■ **What is expected**: Please print out every entry below, verbatim.

Crawled caption data:
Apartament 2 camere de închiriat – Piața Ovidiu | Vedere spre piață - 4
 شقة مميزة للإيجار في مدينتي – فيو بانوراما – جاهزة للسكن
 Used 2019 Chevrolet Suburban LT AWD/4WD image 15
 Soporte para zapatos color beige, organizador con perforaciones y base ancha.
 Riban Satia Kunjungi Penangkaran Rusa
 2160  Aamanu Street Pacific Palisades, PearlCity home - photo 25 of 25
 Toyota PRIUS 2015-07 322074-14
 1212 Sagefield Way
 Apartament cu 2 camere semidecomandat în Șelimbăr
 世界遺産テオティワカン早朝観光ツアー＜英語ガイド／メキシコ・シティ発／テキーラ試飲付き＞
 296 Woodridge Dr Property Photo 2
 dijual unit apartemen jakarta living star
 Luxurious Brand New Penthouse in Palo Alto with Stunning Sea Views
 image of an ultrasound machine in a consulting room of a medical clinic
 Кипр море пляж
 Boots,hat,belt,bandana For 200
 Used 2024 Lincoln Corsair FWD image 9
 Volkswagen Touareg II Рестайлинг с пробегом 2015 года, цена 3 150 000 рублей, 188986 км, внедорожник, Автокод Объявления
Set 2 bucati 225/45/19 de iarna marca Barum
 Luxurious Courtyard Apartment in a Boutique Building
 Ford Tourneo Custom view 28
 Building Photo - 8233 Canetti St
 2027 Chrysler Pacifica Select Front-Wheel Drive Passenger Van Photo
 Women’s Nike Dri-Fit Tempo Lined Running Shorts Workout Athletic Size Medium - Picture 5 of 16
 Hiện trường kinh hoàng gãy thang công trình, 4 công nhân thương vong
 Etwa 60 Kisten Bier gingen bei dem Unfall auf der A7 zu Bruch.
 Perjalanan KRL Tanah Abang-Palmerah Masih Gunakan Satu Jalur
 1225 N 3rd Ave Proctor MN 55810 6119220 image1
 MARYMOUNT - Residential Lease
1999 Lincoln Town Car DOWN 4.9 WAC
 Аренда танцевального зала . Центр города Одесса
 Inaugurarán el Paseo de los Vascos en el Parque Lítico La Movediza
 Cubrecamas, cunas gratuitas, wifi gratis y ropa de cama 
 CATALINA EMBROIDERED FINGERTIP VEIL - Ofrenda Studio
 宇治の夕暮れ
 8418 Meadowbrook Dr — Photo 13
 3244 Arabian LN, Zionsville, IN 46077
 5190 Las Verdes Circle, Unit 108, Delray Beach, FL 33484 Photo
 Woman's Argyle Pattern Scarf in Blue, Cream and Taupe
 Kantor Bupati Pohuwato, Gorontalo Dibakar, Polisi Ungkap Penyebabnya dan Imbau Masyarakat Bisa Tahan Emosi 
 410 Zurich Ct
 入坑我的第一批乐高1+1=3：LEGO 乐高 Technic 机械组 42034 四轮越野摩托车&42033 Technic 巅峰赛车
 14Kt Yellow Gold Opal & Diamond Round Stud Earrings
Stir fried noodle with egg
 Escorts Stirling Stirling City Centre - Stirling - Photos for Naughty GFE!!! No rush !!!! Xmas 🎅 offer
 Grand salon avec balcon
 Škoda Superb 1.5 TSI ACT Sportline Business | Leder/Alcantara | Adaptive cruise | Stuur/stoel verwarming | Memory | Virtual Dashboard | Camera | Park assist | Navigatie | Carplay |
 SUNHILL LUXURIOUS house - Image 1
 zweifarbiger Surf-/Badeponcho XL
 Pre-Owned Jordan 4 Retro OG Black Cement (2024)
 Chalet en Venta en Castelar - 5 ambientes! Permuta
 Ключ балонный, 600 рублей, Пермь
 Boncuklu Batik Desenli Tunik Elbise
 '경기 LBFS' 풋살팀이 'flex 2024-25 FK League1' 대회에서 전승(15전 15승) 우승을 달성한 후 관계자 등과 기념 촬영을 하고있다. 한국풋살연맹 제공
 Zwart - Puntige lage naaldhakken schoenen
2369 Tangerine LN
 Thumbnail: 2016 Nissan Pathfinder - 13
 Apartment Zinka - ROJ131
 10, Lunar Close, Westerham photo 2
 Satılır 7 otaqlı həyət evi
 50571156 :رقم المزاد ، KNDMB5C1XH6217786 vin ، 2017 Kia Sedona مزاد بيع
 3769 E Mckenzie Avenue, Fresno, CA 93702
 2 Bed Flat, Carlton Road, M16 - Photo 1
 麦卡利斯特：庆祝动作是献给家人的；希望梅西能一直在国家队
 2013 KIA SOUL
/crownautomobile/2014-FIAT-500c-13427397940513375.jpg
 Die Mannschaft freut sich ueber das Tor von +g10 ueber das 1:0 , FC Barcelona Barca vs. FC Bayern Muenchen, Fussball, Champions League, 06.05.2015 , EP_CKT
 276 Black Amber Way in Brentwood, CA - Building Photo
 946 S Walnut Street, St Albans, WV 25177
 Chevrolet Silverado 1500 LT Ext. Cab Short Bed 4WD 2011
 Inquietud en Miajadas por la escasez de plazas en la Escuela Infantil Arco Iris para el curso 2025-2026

■ **Result of the task**:
Apartament 2 camere de închiriat – Piața Ovidiu | Vedere spre piață - 4
 شقة مميزة للإيجار في مدينتي – فيو بانوراما – جاهزة للسكن
 Used 2019 Chevrolet Suburban LT AWD/4WD image 15
 Soporte para zapatos color beige, organizador con perforaciones y base ancha.
 Riban Satia Kunjungi Penangkaran Rusa
 2160  Aamanu Street Pacific Palisades, PearlCity home - photo 25 of 25
 Toyota PRIUS 2015-07 322074-14
 1212 Sagefield Way
 Apartament cu 2 camere semidecomandat în Șelimbăr
 世界遺産テオティワカン早朝観光ツアー＜英語ガイド／メキシコ・シティ発／テキーラ試飲付き＞
 296 Woodridge Dr Property Photo 2
 dijual unit apartemen jakarta living star
 Luxurious Brand New Penthouse in Palo Alto with Stunning Sea Views
 image of an ultrasound machine in a consulting room of a medical clinic
 Кипр море пляж
 Boots,hat,belt,bandana For 200
 Used 2024 Lincoln Corsair FWD image 9
 Volkswagen Touareg II Рестайлинг с пробегом 2015 года, цена 3 150 000 рублей, 188986 км, внедорожник, Автокод Объявления
Set 2 bucati 225/45/19 de iarna marca Barum
 Luxurious Courtyard Apartment in a Boutique Building
 Ford Tourneo Custom view 28
 Building Photo - 8233 Canetti St
 2027 Chrysler Pacifica Select Front-Wheel Drive Passenger Van Photo
 Women’s Nike Dri-Fit Tempo Lined Running Shorts Workout Athletic Size Medium - Picture 5 of 16
 Hiện trường kinh hoàng gãy thang công trình, 4 công nhân thương vong
 Etwa 60 Kisten Bier gingen bei dem Unfall auf der A7 zu Bruch.
 Perjalanan KRL Tanah Abang-Palmerah Masih Gunakan Satu Jalur
 1225 N 3rd Ave Proctor MN 55810 6119220 image1
 MARYMOUNT - Residential Lease
1999 Lincoln Town Car DOWN 4.9 WAC
 Аренда танцевального зала . Центр города Одесса
 Inaugurarán el Paseo de los Vascos en el Parque Lítico La Movediza
 Cubrecamas, cunas gratuitas, wifi gratis y ropa de cama 
 CATALINA EMBROIDERED FINGERTIP VEIL - Ofrenda Studio
 宇治の夕暮れ
 8418 Meadowbrook Dr — Photo 13
 3244 Arabian LN, Zionsville, IN 46077
 5190 Las Verdes Circle, Unit 108, Delray Beach, FL 33484 Photo
 Woman's Argyle Pattern Scarf in Blue, Cream and Taupe
 Kantor Bupati Pohuwato, Gorontalo Dibakar, Polisi Ungkap Penyebabnya dan Imbau Masyarakat Bisa Tahan Emosi 
 410 Zurich Ct
 入坑我的第一批乐高1+1=3：LEGO 乐高 Technic 机械组 42034 四轮越野摩托车&42033 Technic 巅峰赛车
 14Kt Yellow Gold Opal & Diamond Round Stud Earrings
Stir fried noodle with egg
 Escorts Stirling Stirling City Centre - Stirling - Photos for Naughty GFE!!! No rush !!!! Xmas 🎅 offer
 Grand salon avec balcon
 Škoda Superb 1.5 TSI ACT Sportline Business | Leder/Alcantara | Adaptive cruise | Stuur/stoel verwarming | Memory | Virtual Dashboard | Camera | Park assist | Navigatie | Carplay |
 SUNHILL LUXURIOUS house - Image 1
 zweifarbiger Surf-/Badeponcho XL
 Pre-Owned Jordan 4 Retro OG Black Cement (2024)
 Chalet en Venta en Castelar - 5 ambientes! Permuta
 Ключ балонный, 600 рублей, Пермь
 Boncuklu Batik Desenli Tunik Elbise
 '경기 LBFS' 풋살팀이 'flex 2024-25 FK League1' 대회에서 전승(15전 15승) 우승을 달성한 후 관계자 등과 기념 촬영을 하고있다. 한국풋살연맹 제공
 Zwart - Puntige lage naaldhakken schoenen
2369 Tangerine LN
 Thumbnail: 2016 Nissan Pathfinder - 13
 Apartment Zinka - ROJ131
 10, Lunar Close, Westerham photo 2
 Satılır 7 otaqlı həyət evi
 50571156 :رقم المزاد ، KNDMB5C1XH6217786 vin ، 2017 Kia Sedona مزاد بيع
 3769 E Mckenzie Avenue, Fresno, CA 93702
 2 Bed Flat, Carlton Road, M16 - Photo 1
 麦卡利斯特：庆祝动作是献给家人的；希望梅西能一直在国家队
 2013 KIA SOUL
/crownautomobile/2014-FIAT-500c-13427397940513375.jpg
 Die Mannschaft freut sich ueber das Tor von +g10 ueber das 1:0 , FC Barcelona Barca vs. FC Bayern Muenchen, Fussball, Champions League, 06.05.2015 , EP_CKT
 276 Black Amber Way in Brentwood, CA - Building Photo
 946 S Walnut Street, St Albans, WV 25177
 Chevrolet Silverado 1500 LT Ext. Cab Short Bed 4WD 2011
 Inquietud en Miajadas por la escasez de plazas en la Escuela Infantil Arco Iris para el curso 2025-2026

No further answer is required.